## What this task involves
Leave out all pictures and retype exactly the lines from the one with "Just to show" through the last line of the material.
━━━ Exercise input ━━━
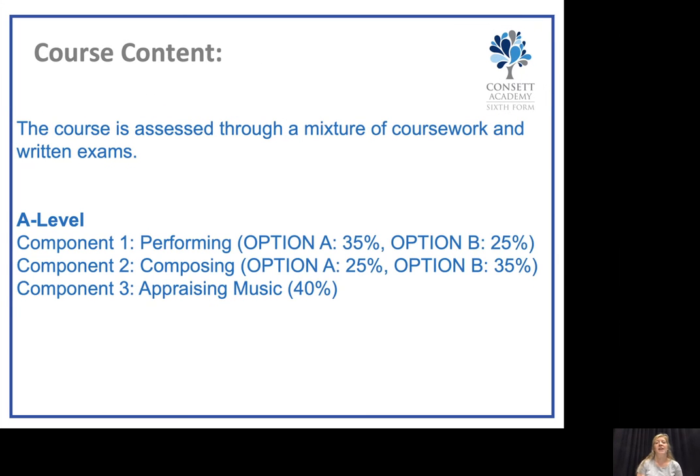The course is assessed through a mixture of coursework and written exams, and is made up of three components, which is very similar to the GCSE. Component 1 is performing, component 2 is composing, and component 3 is appraising music. The appraising component is the examined unit and is worth 40% of your overall grade.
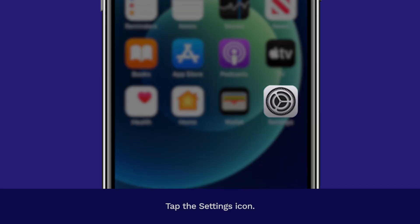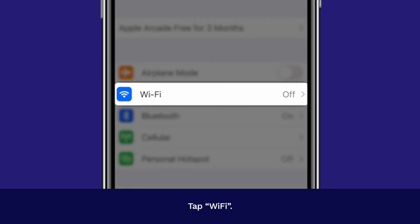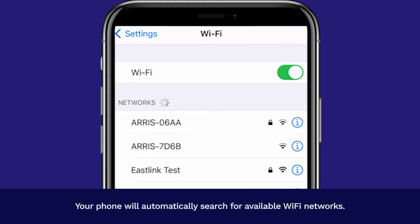Tap the Settings icon. Tap Wi-Fi. Tap the toggle to turn the Wi-Fi on. Your phone will automatically search for available Wi-Fi networks.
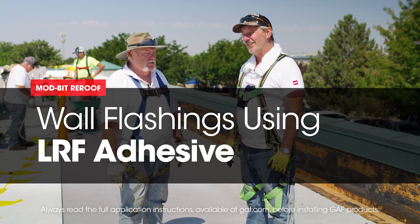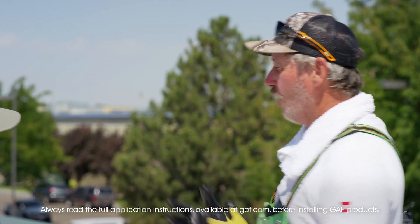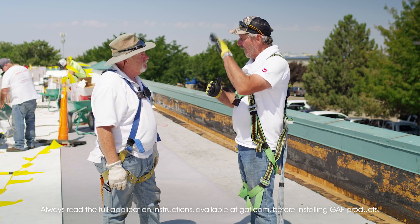We're getting close to the end. Yes, and it's warming up really really quick here. So Dave, we're kind of buttoning up this wall flashing here — we got another option for contractors to be able to do a base attachment, right?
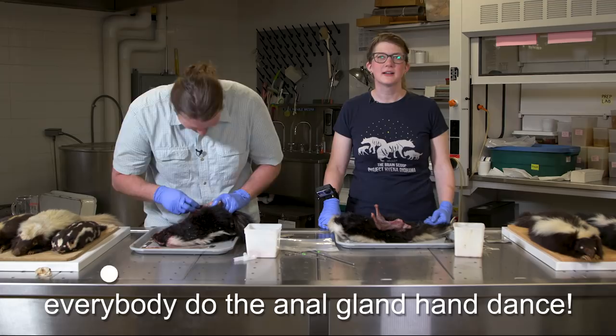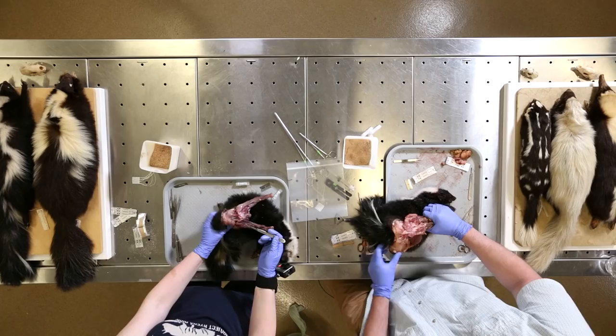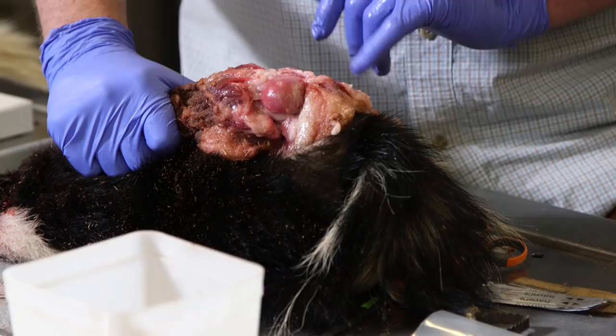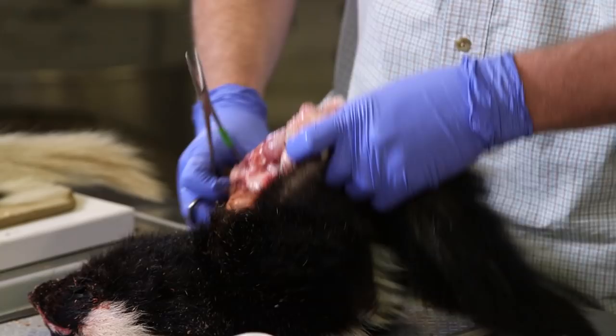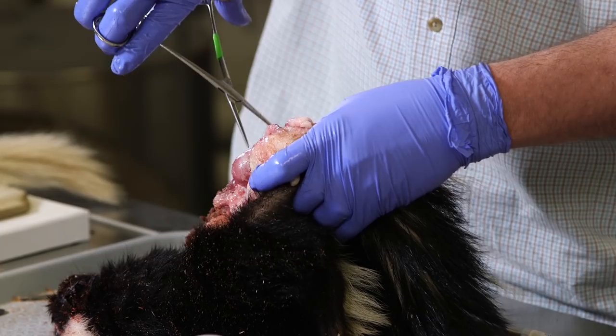Just to show you the size — I was saying ping-pong ball, which might be slightly exaggerated, but you can see the two anal glands. Now we've cut off some of the muscles. The next trick is to clamp with the hemostat and try to cut them off completely without cutting the nipples. Clamping the anal gland could be a follow-up verse to the song.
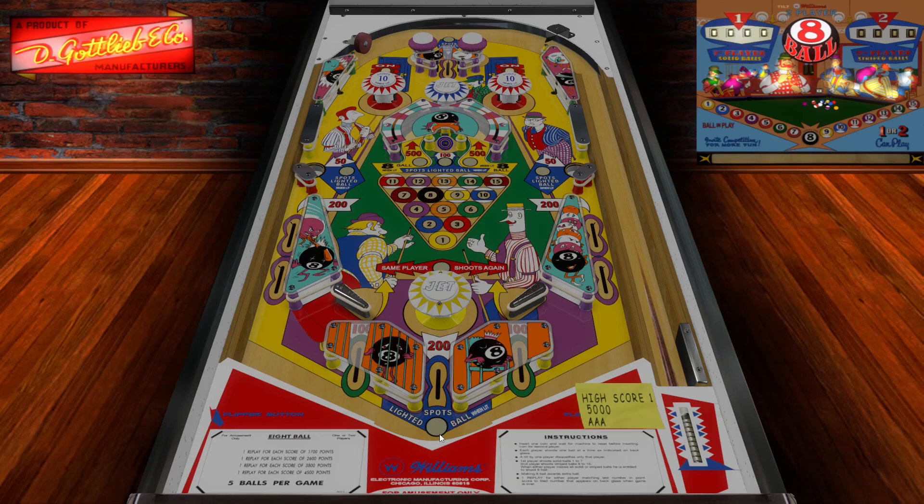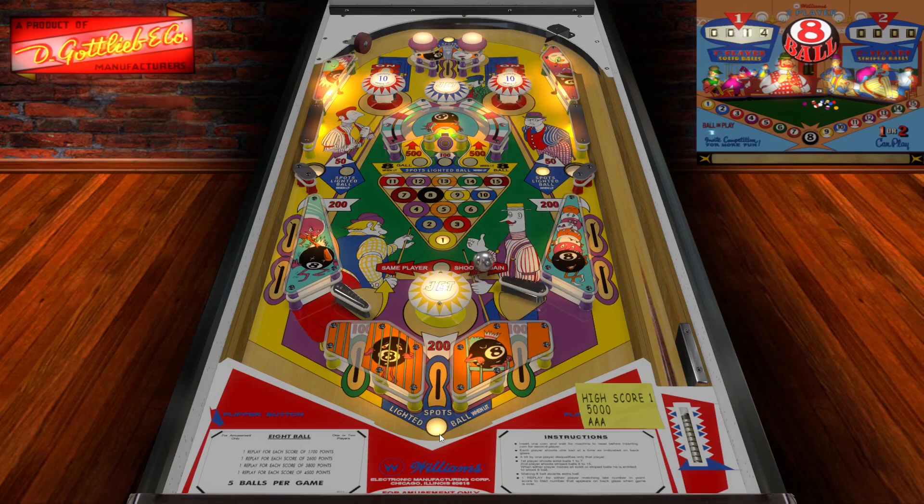Love the artwork. You can see there are faces on the balls — on the eight ball there are like eyes. Really nice artwork. Looks like the eight ball is in jail and one of the eight balls is a king.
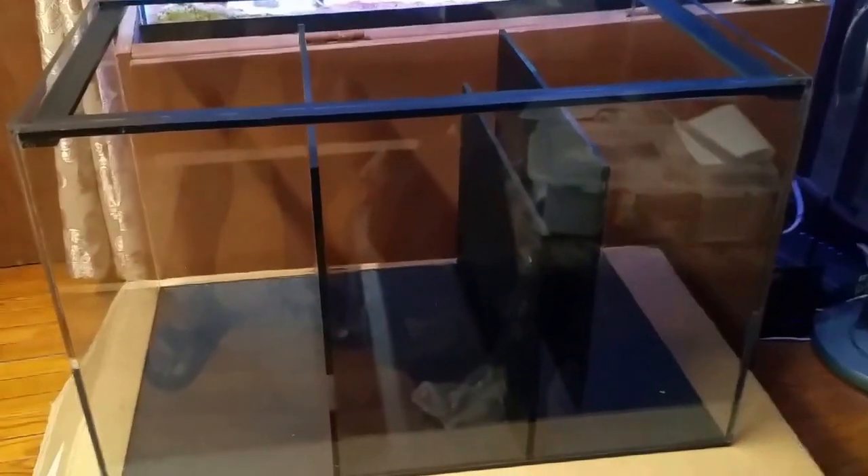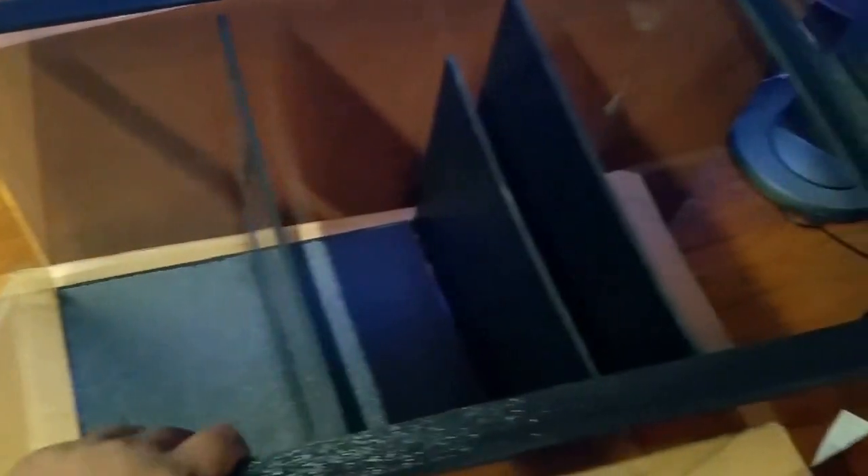I'm going to take it out of the box and show you the whole thing. It's entirely made out of acrylic. I was expecting glass, but acrylic is probably the better option — and I'm sure they mentioned it on their website when I purchased it from Amazon. I probably ignored that part. Acrylic is fine, just a little harder to work with. The size of this sump is 24 by 15 by 15.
━━━
## Output
Just to show you the size — I was saying ping-pong ball, which might be slightly exaggerated, but you can see the two anal glands. Now we've cut off some of the muscles. The next trick is to clamp with the hemostat and try to cut them off completely without cutting the nipples. Clamping the anal gland could be a follow-up verse to the song.
Love the artwork. You can see there are faces on the balls — on the eight ball there are like eyes. Really nice artwork. Looks like the eight ball is in jail and one of the eight balls is a king.
I'm going to take it out of the box and show you the whole thing. It's entirely made out of acrylic. I was expecting glass, but acrylic is probably the better option — and I'm sure they mentioned it on their website when I purchased it from Amazon. I probably ignored that part. Acrylic is fine, just a little harder to work with. The size of this sump is 24 by 15 by 15.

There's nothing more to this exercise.